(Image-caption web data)
Segment Open

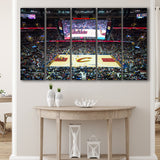 Quicken Loans Arena Cleveland, Stadium Canvas, Sport Art, Gift for him, Multi Panels B, Canvas Prints Wall Art Decor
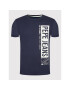 Pepe Jeans Tricou Alfie D PM508259 Bleumarin Slim Fit - Pled.ro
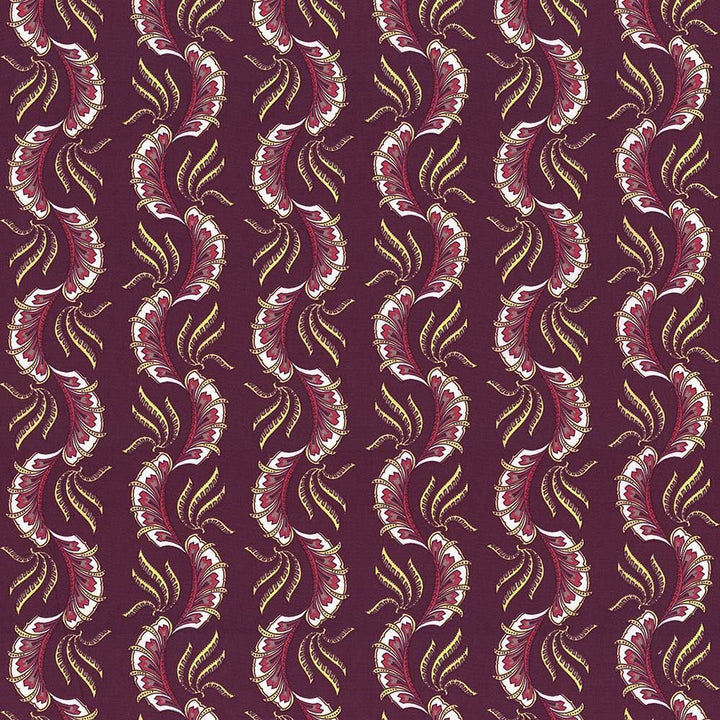 Paisley Scallop Tutti Frutti by Kasmir Fabric 1427 100% Cotton
 TURKEY </p><p>Repeat: Horizontal: 9 1/8 inches and Vertical: 6 3/8 inches 55 - Fabric Carolina -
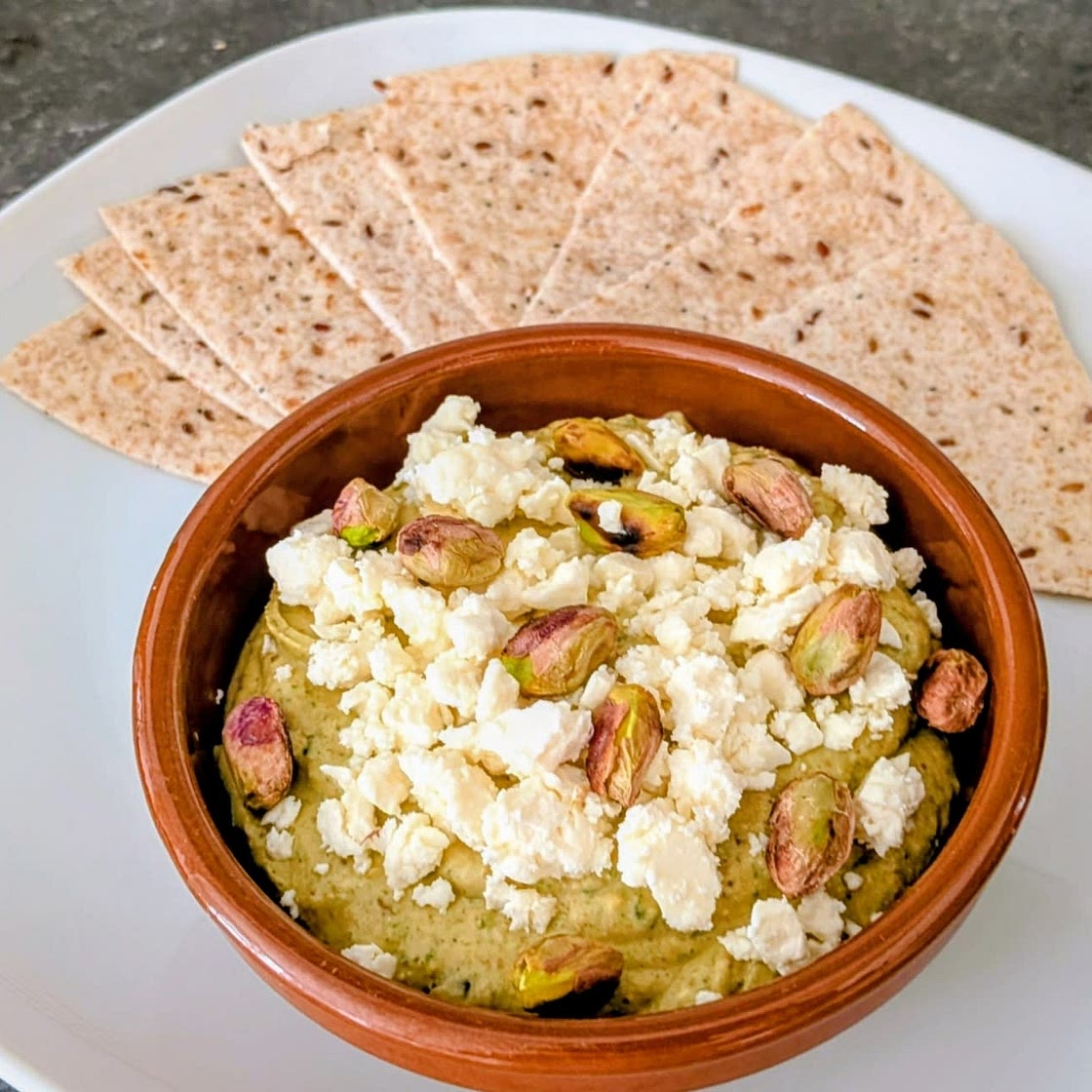 Crema di zucchine al pistacchio - courgette and pistachio dip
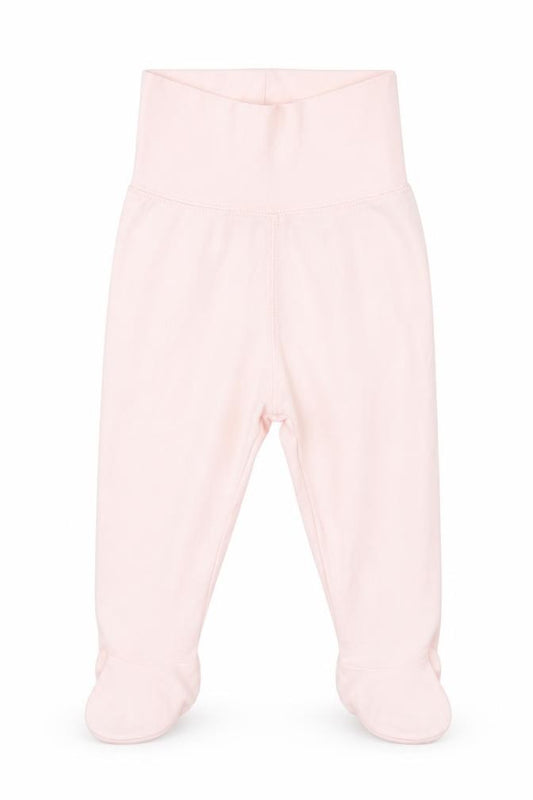Front view of H&M girls’ pink pyjama pants, size 3-6, months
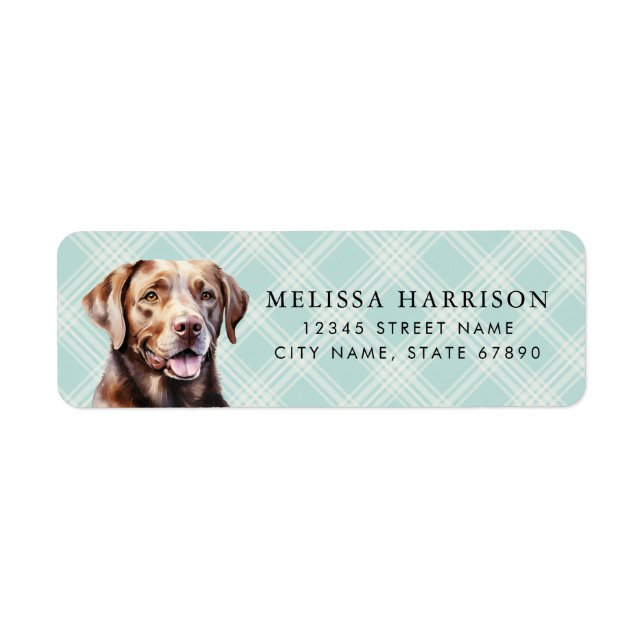 Chocolate Lab Return Address Labels (Front)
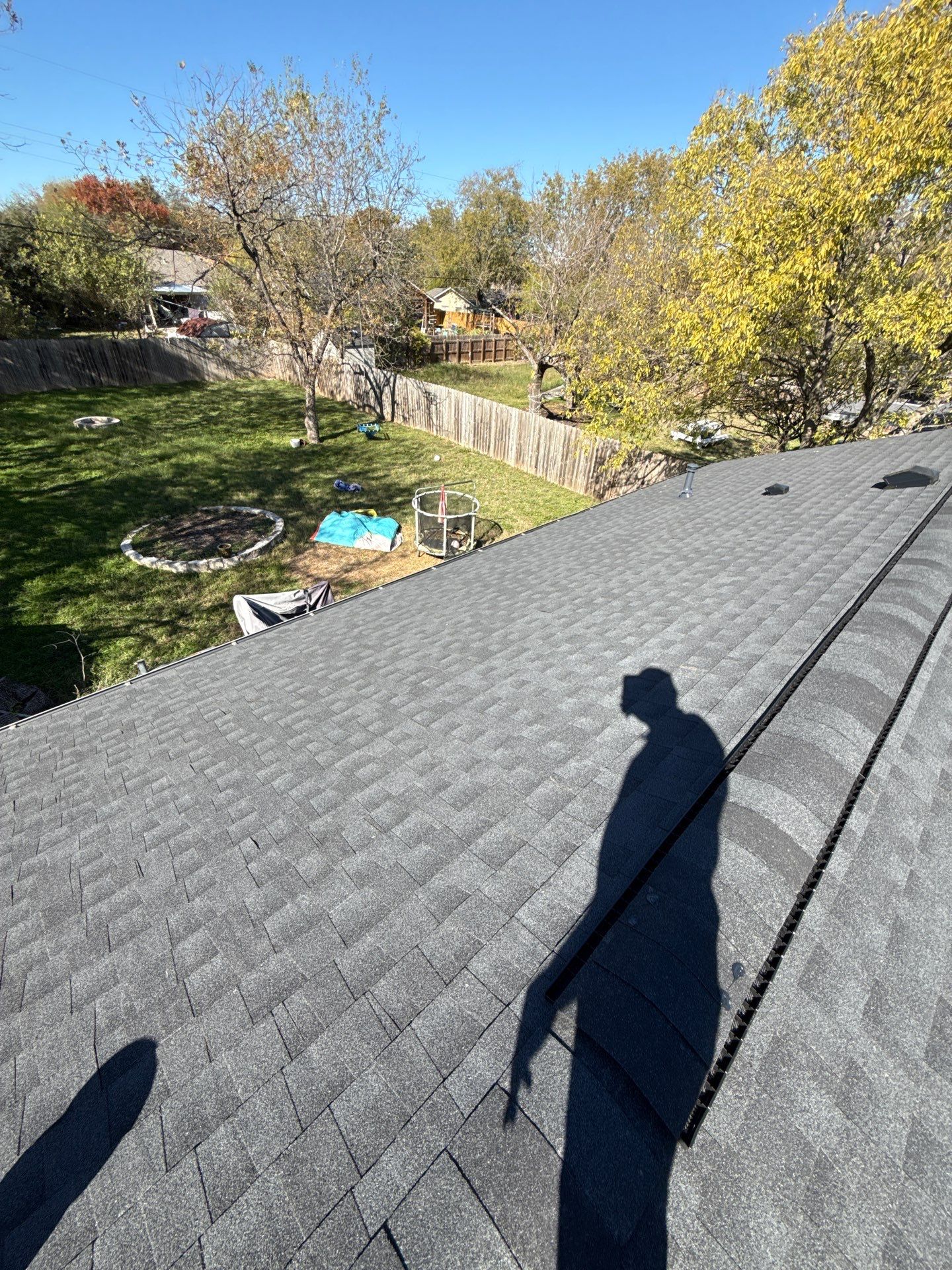 Residential Roof Replacement using GAF - Natural Shadow: Insurance Referral by Action Exteriors Austin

Segment Closed

#### PROBLEM DESCRIPTION:
Give the records a second time exactly, keeping the images out.

#### OUTPUT BELOW:
 Quicken Loans Arena Cleveland, Stadium Canvas, Sport Art, Gift for him, Multi Panels B, Canvas Prints Wall Art Decor
 Pepe Jeans Tricou Alfie D PM508259 Bleumarin Slim Fit - Pled.ro
 Paisley Scallop Tutti Frutti by Kasmir Fabric 1427 100% Cotton
 TURKEY </p><p>Repeat: Horizontal: 9 1/8 inches and Vertical: 6 3/8 inches 55 - Fabric Carolina -
 Crema di zucchine al pistacchio - courgette and pistachio dip
Front view of H&M girls’ pink pyjama pants, size 3-6, months
 Chocolate Lab Return Address Labels (Front)
 Residential Roof Replacement using GAF - Natural Shadow: Insurance Referral by Action Exteriors Austin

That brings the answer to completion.